If you had one continuous piece of string that went from one end of that flat surface to the other, and on one end there was attached a bell… would you be able to ring the bell by pulling on the other end of string?
BrotherL0v3@lemmy.world 1 year ago
I did some numbers because it sounded fun.
Earth’s diameter is 41.804 million feet. I’m not sure if you meant that or Earth’s circumference when you said “Earth’s surface”, but I figure either one is gonna get us a really big number.
The first result I can find for string comes in a pack that weighs 2.89oz and contains 328 feet of string.
Using that as our standard, you would need 127,452 packs of string (assuming you find a way to perfectly attach them without wasting any length on knots).
127,452 * (2.89 / 16) = 23,021 lbs of string total.
So if we ignore the string stretching, compressing, or breaking, you’d only need to be able to pull 11ish tons of string to ring the bell!
NeoNachtwaechter@lemmy.world 1 year ago
It is true in principle.
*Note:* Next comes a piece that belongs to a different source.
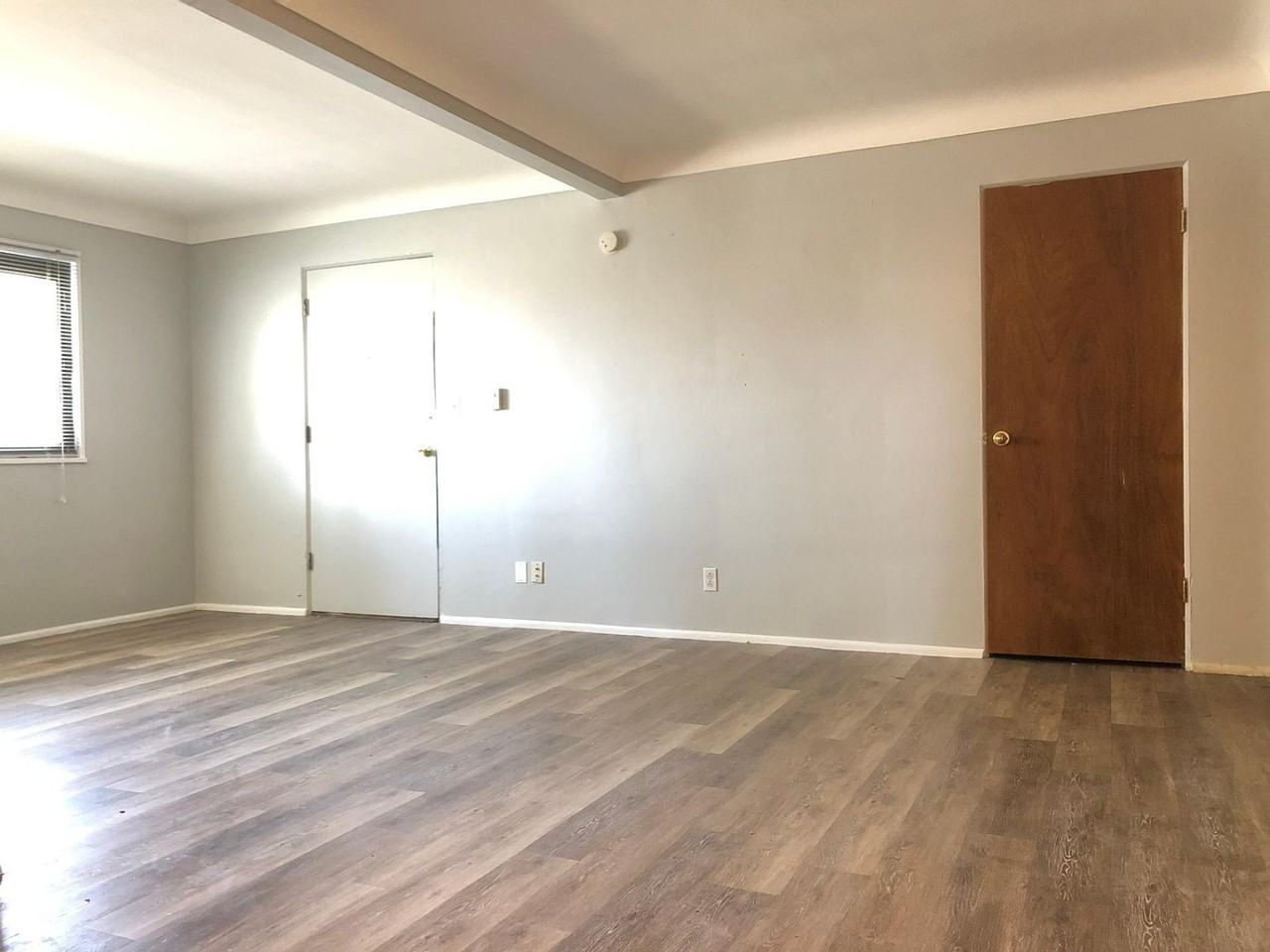 3473 Brigham St - Photo 2 of 10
But the speed of sound is different, depending on the material. For that string we can assume it to be roughly 10 times faster than in the air.
~ 1 hour then.
piecar@lemm.ee 1 year ago
Wouldn’t the motion of the string move at the speed of the pull!? Assuming no compression.
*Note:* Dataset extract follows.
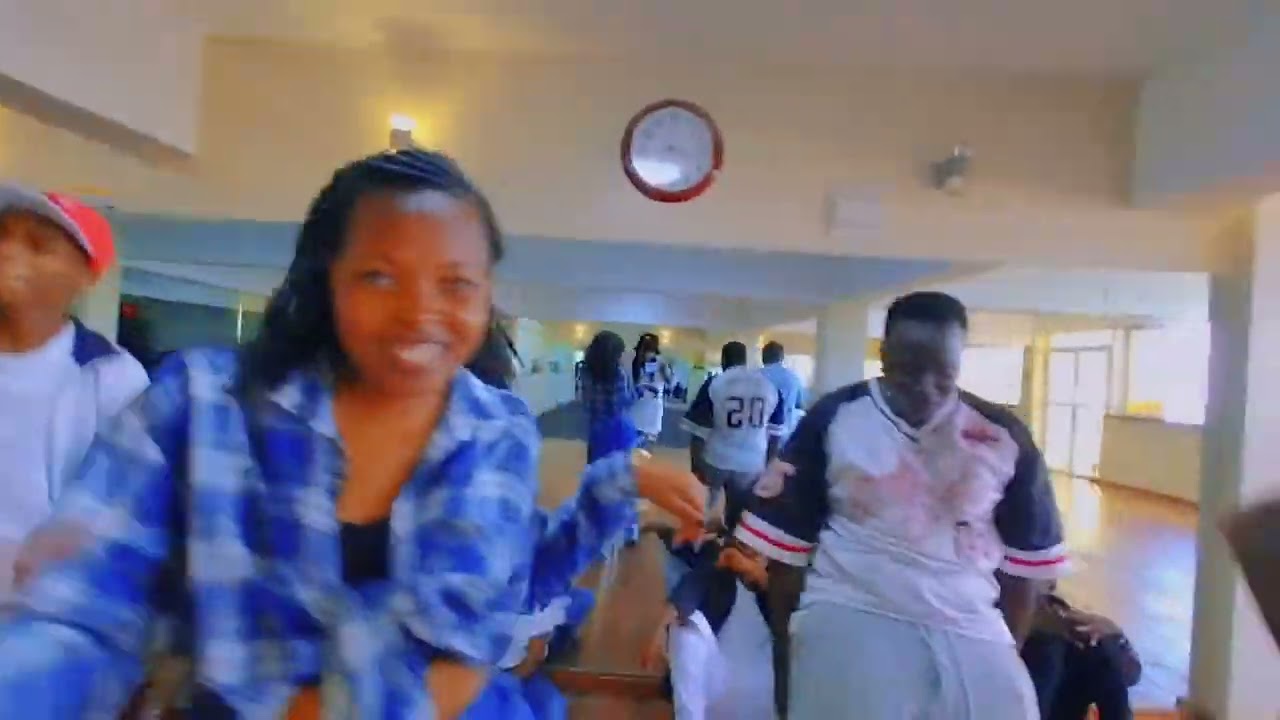 TEGA STARR & Mr EAZI Ft FAMOUSIVE DANCE KREW - FRENCH KISS ( DANCE CLASS VIDEO)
NeoNachtwaechter@lemmy.world 1 year ago
But the weight of the string isn’t the force you need to pull.
sanguinepar@lemmy.world 1 year ago
Why not? If I try to pull a toy car alomg using a big thick rope, the weight of the rope is relevant, not just the weight of the toy car.
Zippy@lemmy.world 1 year ago
It kind of is. That is still 11 tons of mass. To ring a bell, you need to create some velocity on the striker. Pull a 11 ton mass in a frictionless environment will result in an extremely slow rate of acceleration. But in the spirit of the post, I suspect they are not considering how hard they are ringing the bell.
You are technically right though. Even blowing on a string long enough and you could accelerate it up to speeds approaching that of light. Providing there is no friction.
perviouslyiner@lemm.ee 1 year ago
Why would you use packs of string? Just leave the manufacturing machine running and don’t cut it into packs.